“I actually thought my label would drop me, but they didn’t.”
Lily Allen laughs. She laughs a lot.
All those acerbic, combative comments you see on her Twitter feed? Imagine them with an almighty guffaw at the end – because that’s probably how they were written.
Not that she’s one to shy away from a fight. Her most recent Twitter clash was with Piers Morgan, who called her “reprehensible” for wearing a machine-gun necklace.
“I’ll stop wearing the necklace,” she shot back, “when you apologise for hacking the phones of dead children.”
When Morgan pointed out “that was another newspaper”, Allen reminded him of how he got sacked from the Mirror for publishing hoax photos of the British military.
Later that day, Allen’s upcoming appearance on Good Morning Britain was cancelled.
So what’s the shortest amount of time that’s elapsed between her sending a tweet and her publicist phoning in a panic?

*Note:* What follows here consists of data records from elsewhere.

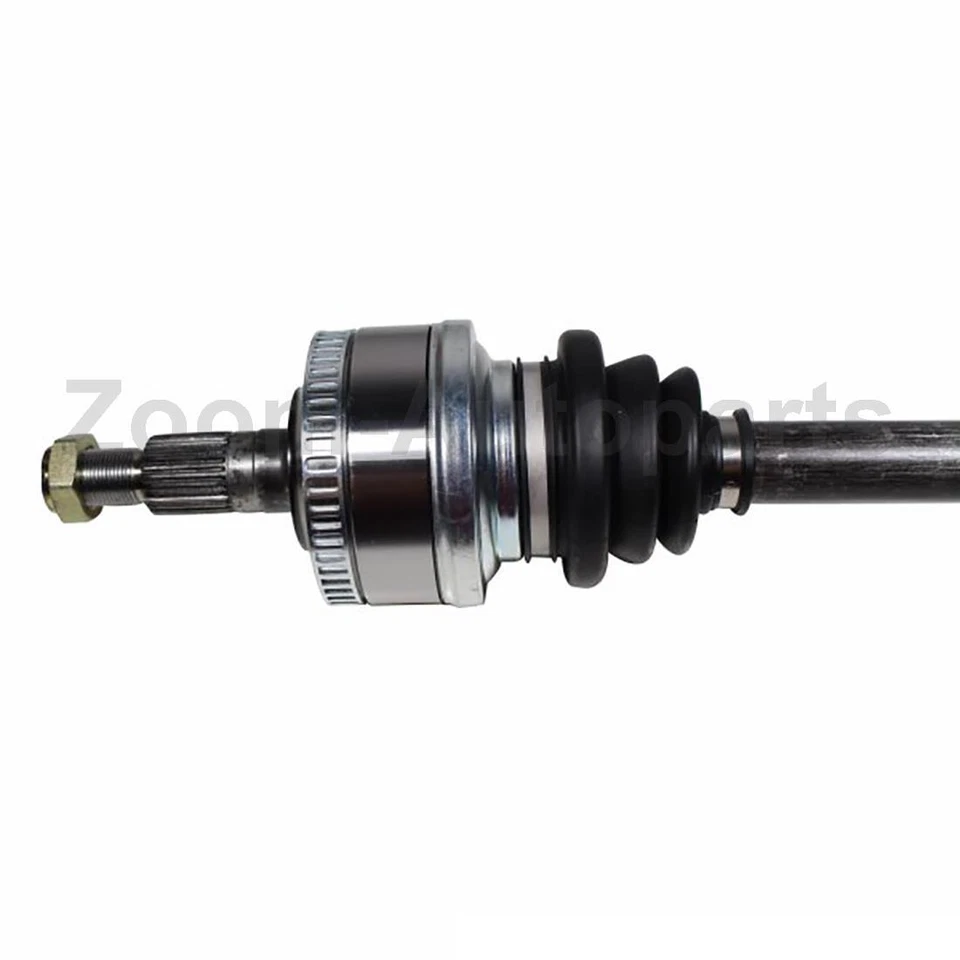 Eje trasero derecho pasajero CV para Porsche Boxster 2000-2004 transmisión manual Foto 2 de 4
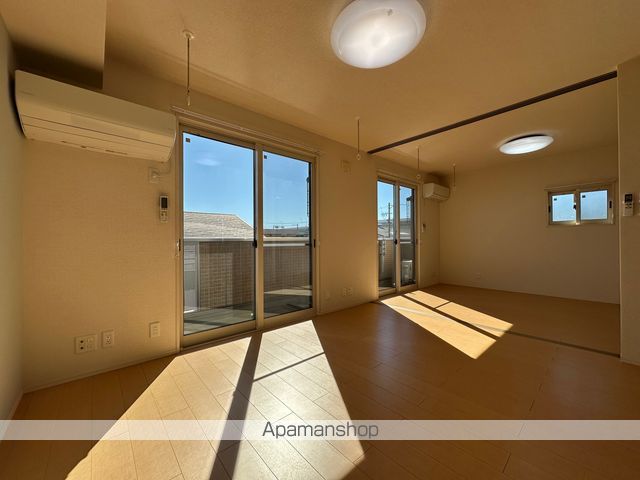 フォレストパーク[2LDK/58.37m2]の内装2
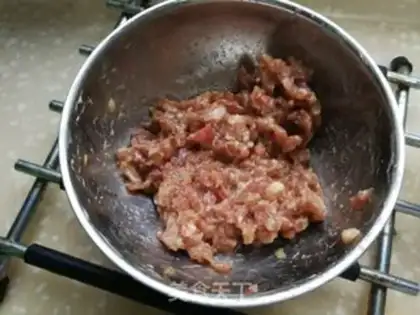 Make Meat and potatoes step 0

“I don’t think anyone’s ever called me up like that,” she says.
“The people who work with me know me well enough to realise that if they call up and tell me not to do something, I’m going to do more of it.”
So she tweets about Grenfell, the Calais refugee crisis, Brexit… whatever’s on her mind. Allen has a restless personality, and Twitter keeps her occupied.
“That’s me on holiday: Refreshing Twitter, laying into some racists,” she says, laughing again.
However, laughter is in short supply on Allen’s new album.
Called No Shame, it was written over four years, as Allen dealt with the depression stemming from her divorce from Sam Cooper and a terrifying intrusion from a stalker, who broke into her flat while she was sleeping, pulled off her duvet and threatened her.
It is a heartbreakingly lonely record. “I’m at my worst when I’m alone /Can’t take the peace,” she sings, numbed, on the R&B ballad Everything To Feel Something. “Nothing really moves me any more.”
“I was definitely isolated,” she says of the last four years.
“When me and Sam got together, I very much attached myself to his life. His friends became my friends; his family became my family. So when that stopped, I felt at loss.
“My friends outside of the relationship were, like, my ‘showbiz friends’ and I didn’t want to be in the spotlight at that point.
“Then when the stalker thing happened, I just shut down emotionally in every way. I didn’t feel like I could talk to anyone about what I was going through. I just kind of sat at home being sad.”